By Paul Chinnock
Dr Ilesh Jani, Director General of Mozambique’s National Institute of Health (INS), welcomed the attendees. Dr Jani explained that the Outstanding Research Team prize is awarded to a research team in sub-Saharan Africa and Europe working on HIV/AIDS, tuberculosis, malaria and neglected infectious diseases (NID) in the scope of the EDCTP2 programme. The team must have a good record of publications and have demonstrated a commitment to networking. The prize goes to the African-European Tuberculosis Consortium (AETBC). The Consortium was represented (online) by its leader, Professor Gerhard Walzl.
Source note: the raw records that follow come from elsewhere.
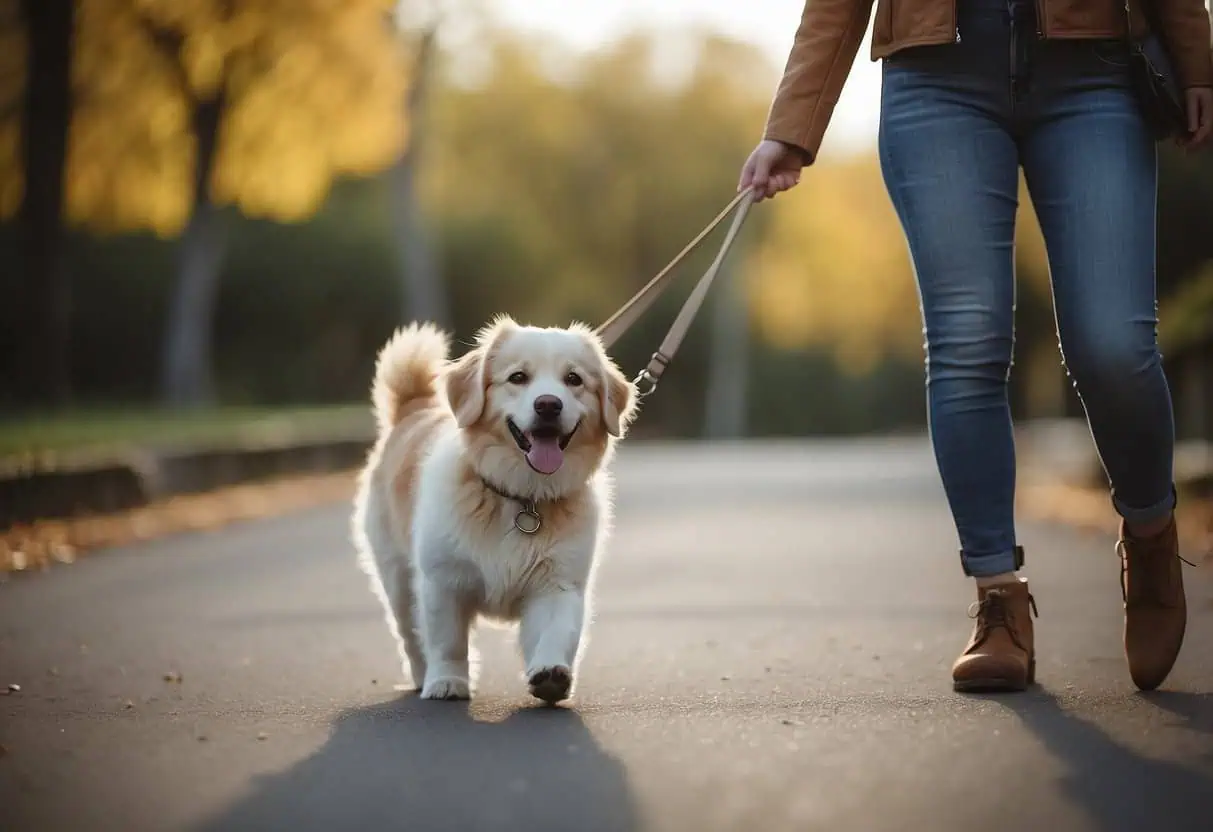 A dog with a wagging tail, bright eyes, and relaxed body walks happily beside its owner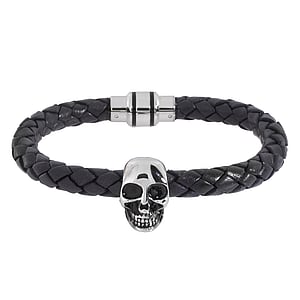 Pulsera Cuero Acero fino Calavera Crneo Hueso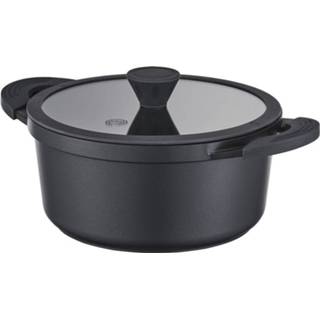 👉 Braadpan zwart aluminium One Size met deksel - 28 cm Masterchef 5060550700466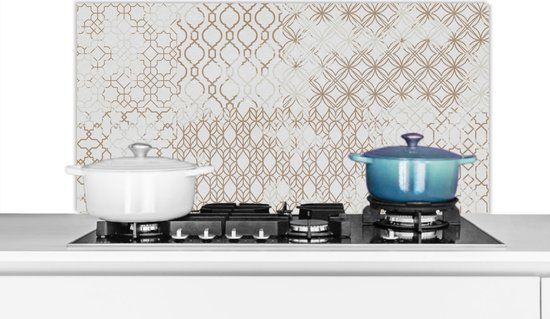 Spatscherm keuken 100x50 cm - Kookplaat achterwand Vintage - Tegels - Bruin - Wit - Aluminium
The Consortium was established in 2010 at Stellenbosch University, South Africa. Prof. Walzl said the tuberculosis situation then was even worse than it is now. Early diagnosis and treatment is recognised to be key in improving the situation. About a third of infected people don’t get diagnosed. Over 10 years, and with EDCTP support, the Consortium developed a lateral flow test that can be used in the field (TriageTB). This supports the view that African technology is needed for African problems. Prof Walzl said the award to the Consortium also shows that African institutions can lead international initiatives.
Asked by Dr Jani what the prize means to him, Prof. Walzl said it is a recognition of the 10 years of effort from the whole team (in Europe and Africa) to develop the test. Many students who have been part of this programme have gone on to work in important roles.
Asked how he accounts for the Consortium’s success, Prof. Walzl said, ‘We built a team and we kept it together’. And his advice to young researchers would be – find the right partners for support in Africa and beyond. ‘Together we can do it’.